INSTRUCTIONS FOR THE TASK -
Only the text belongs in the copy. Transcribe the data exactly and drop any pictures.

SOURCE MATERIAL -

────────

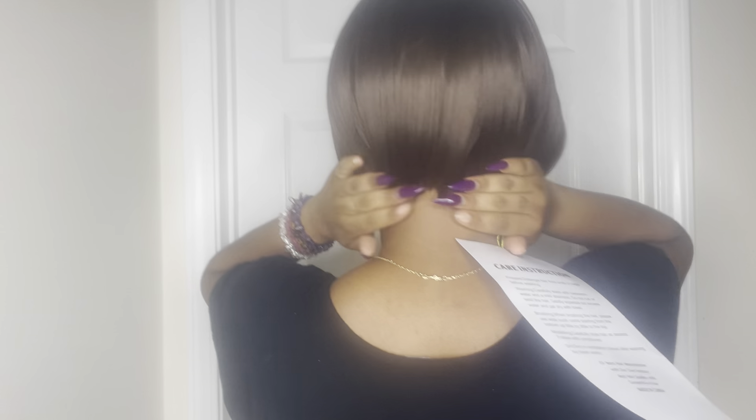And boom, this is the wig on, you guys. Keep in mind this is making me look more mature, more older — I'm not gonna lie. I do love the chin cut on me and it flows, so it's not stiff, which is good. Keep in mind my hair is bushy under the wig.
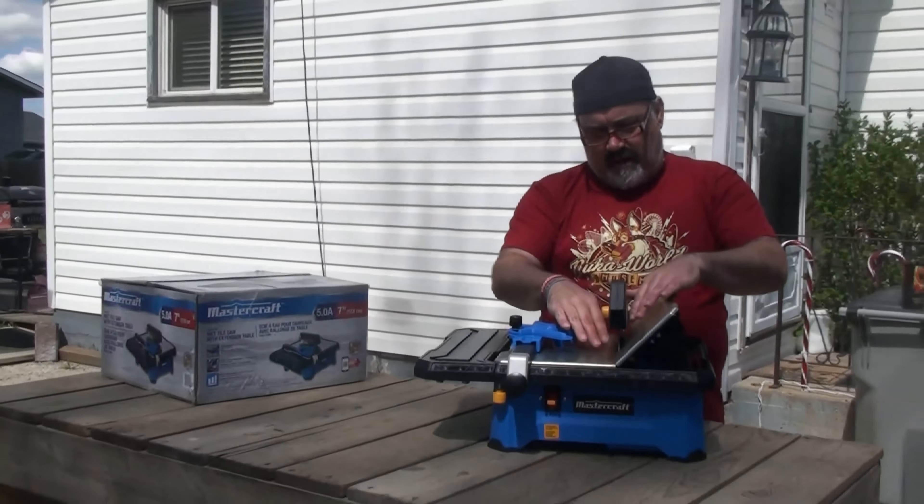Just put this piece back on — it simply inserts like that. This moves your guide back and forth so you can get the right measurement for your cuts. For longer tiles, simply pull out the extension table. It extends out pretty far — you can probably cut up to almost a 24-inch tile. The built-in tape measure only goes up to 12 inches, so with the extension out you'll need to use a separate tape measure to get the right distance.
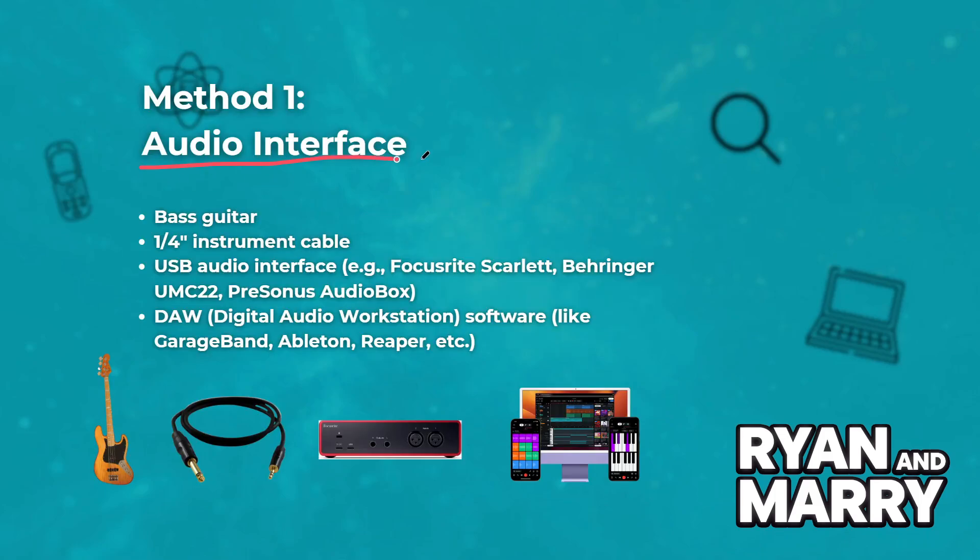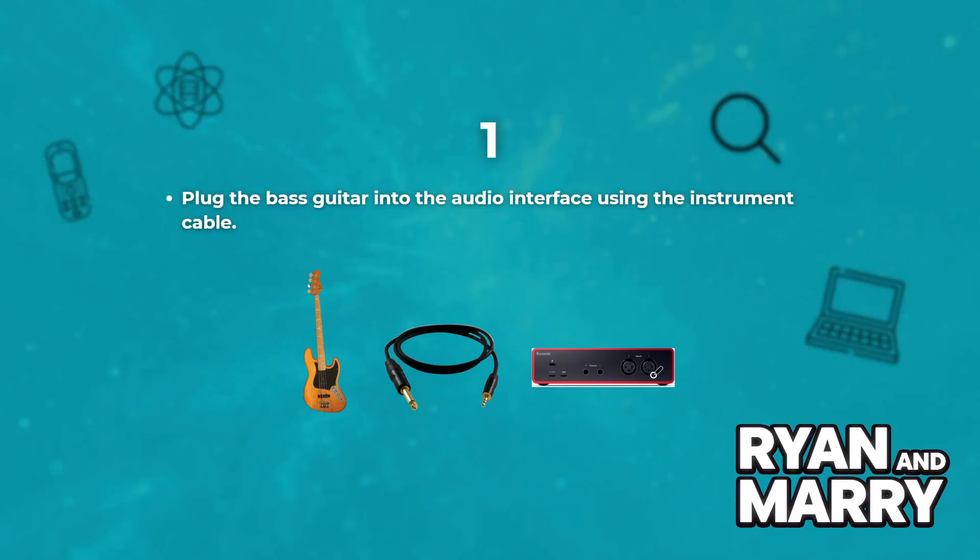Method 1: Audio interface. What you need: bass guitar, an instrument cable, USB audio interface, and a digital audio workstation. Steps: plug the bass guitar into the audio interface using the cable.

────────

ANSWER TO THE EXERCISE -
And boom, this is the wig on, you guys. Keep in mind this is making me look more mature, more older — I'm not gonna lie. I do love the chin cut on me and it flows, so it's not stiff, which is good. Keep in mind my hair is bushy under the wig.
Just put this piece back on — it simply inserts like that. This moves your guide back and forth so you can get the right measurement for your cuts. For longer tiles, simply pull out the extension table. It extends out pretty far — you can probably cut up to almost a 24-inch tile. The built-in tape measure only goes up to 12 inches, so with the extension out you'll need to use a separate tape measure to get the right distance.
Method 1: Audio interface. What you need: bass guitar, an instrument cable, USB audio interface, and a digital audio workstation. Steps: plug the bass guitar into the audio interface using the cable.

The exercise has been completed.